**Input material:**
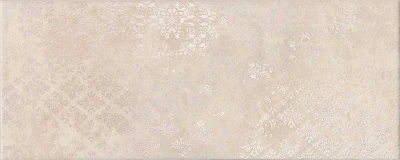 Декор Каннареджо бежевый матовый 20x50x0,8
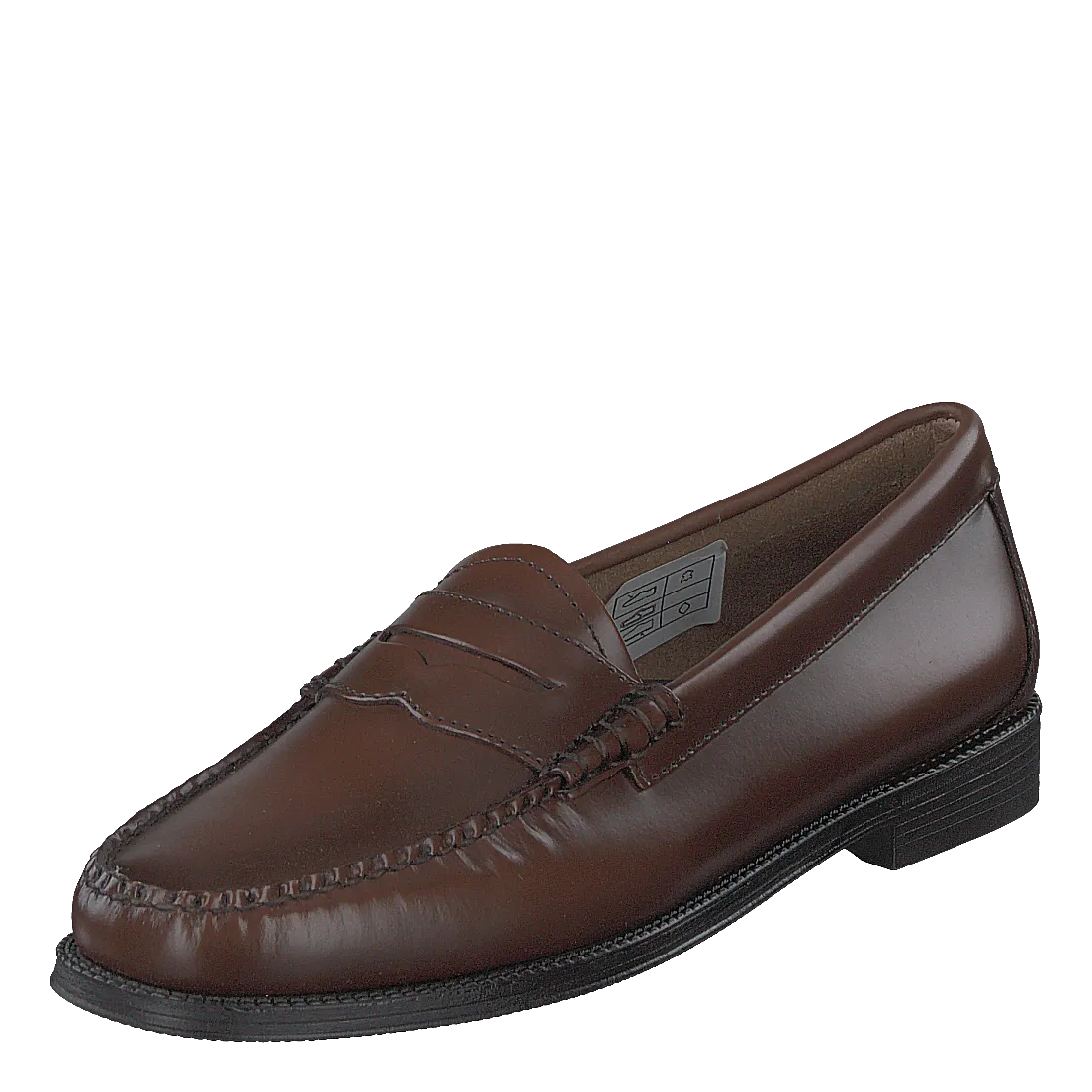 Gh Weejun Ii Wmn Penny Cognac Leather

---

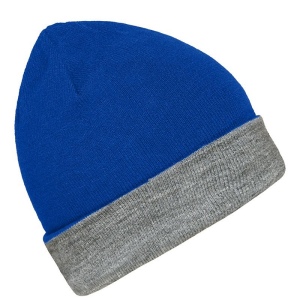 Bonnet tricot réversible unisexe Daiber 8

**Exercise description:** Give the lines above again exactly, from the one containing "Декор Каннареджо бежевый матовый 20x50x0,8" to the one containing "Gh Weejun Ii Wmn Penny Cognac Leather", both included, but leave out the pictures.

**Exercise result:**
 Декор Каннареджо бежевый матовый 20x50x0,8
 Gh Weejun Ii Wmn Penny Cognac Leather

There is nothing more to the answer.